出エジプト記 第7章

主はモーセに言われた。「見よ、わたしは、あなたをファラオに対しては神の代わりとし、あなたの兄アロンはあなたの預言者となる。わたしが命じるすべてのことをあなたが語れば、あなたの兄アロンが、イスラエルの人々を国から去らせるよう、ファラオに語るであろう。しかし、わたしはファラオの心を頑なにするので、わたしがエジプトの国でしるしや奇跡を繰り返したとしても、ファラオはあなたたちの言うことを聞かない。わたしはエジプトに手を下し、大いなる審判によって、わたしの部隊、わたしの民イスラエルの人々をエジプトの国から導き出す。わたしがエジプトに対して手を伸ばし、イスラエルの人々をその中から導き出す時、エジプト人は、わたしが主であることを知るようになる。」

モーセとアロンは、主が命じられた通りに行った。ファラオに語った時、モーセは八十歳、アロンは八十三歳であった。

アロンの杖

主はモーセとアロンに言われた。「もし、ファラオがあなたたちに向かって、『奇跡を行ってみよ』と求めるならば、あなたはアロンに、『杖をとってファラオの前に投げよ』と言うと、杖は蛇になる。」モーセとアロンはファラオの元に行き、主の命じられた通り行った。アロンが自分の杖をファラオとその家臣たちの前に投げると、杖は蛇になった。そこでファラオも賢者や呪術師を召し出した。エジプトの魔術師もまた、秘術を用いて同じことを行なった。それぞれ自分の杖を投げると、蛇になったが、アロンの杖は彼らの杖を飲み込んだ。しかし、ファラオの心は頑なになり、彼らの言うことを聞かなかった。主が仰せになった通りである。

血の災い

主はモーセに言われた。「ファラオの心は頑迷で、民を去らせない。明朝、ファラオのところへ行きなさい。彼は水辺に降りてくる。あなたは蛇になったあの杖を手に持ち、ナイル川の岸辺に立って、彼を待ち受け、彼に言いなさい。ヘブライ人の神、主がわたしをあなたの元に遣わして、『わたしの民を去らせ、荒れ野でわたしに仕えさせよ』と命じられたのに、あなたは今に至るまで聞き入れない。主はこう言われた。『このことによって、あなたは、わたしが主であることを知る』と。見よ、わたしの手にある杖でナイルの川の水を打つと、水は血に変わる。川の魚は死に、川は悪臭を放つ。エジプト人はナイル川の水を飲むのを嫌がるようになる。」

主はさらにモーセに言われた。「アロンに言いなさい。『杖を取り、エジプトの水という水の上、河川、水路、池、水たまりの上に手を伸ばし、血に変えなさい」と。エジプトの国中、木や石までも血に浸るであろう。

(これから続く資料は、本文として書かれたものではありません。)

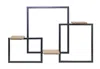 Houzbling Wall Shelf 37"l X 24"h Iron/wood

モーセとアロンは、主の命じられた通りにした。彼は杖を振り上げて、ファラオとその家臣の前でナイル川の水を打った。川の水はことごとく血に変わり、川の魚は死に、川は悪臭を放ち、エジプト人はナイル川の水を飲めなくなった。こうして、エジプトの国中が血に浸った。ところが、エジプトの魔術師も秘術を用いて同じことを行なったのでファラオの心は頑なになり、二人の言うことを聞かなかった。主が仰せになった通りである。ファラオは王宮に引き返し、このことをも心にとめなかった。エジプト人は皆、飲み水を求めて、ナイル川の周りを掘った。ナイルの水が飲めなくなったからである。

カエルの災い

主がナイル川を打たれてから七日経つと、主はモーセに言われた。「ファラオの元に行って、彼に言いなさい。主はこう言われた。『わたしの民を去らせ、わたしに仕えさせよ。もしあなたが去らせることを拒むならば、わたしはあなたの領土全体にカエルの災いを引き起こす。ナイル川にカエルが群がり、あなたの王宮を襲い、寝室に侵入し、寝台に上り、さらに家臣や民の家にまで侵入し、かまど、こね鉢にも入り込む。カエルはあなたも民もすべての家臣をも襲うであろう』と。」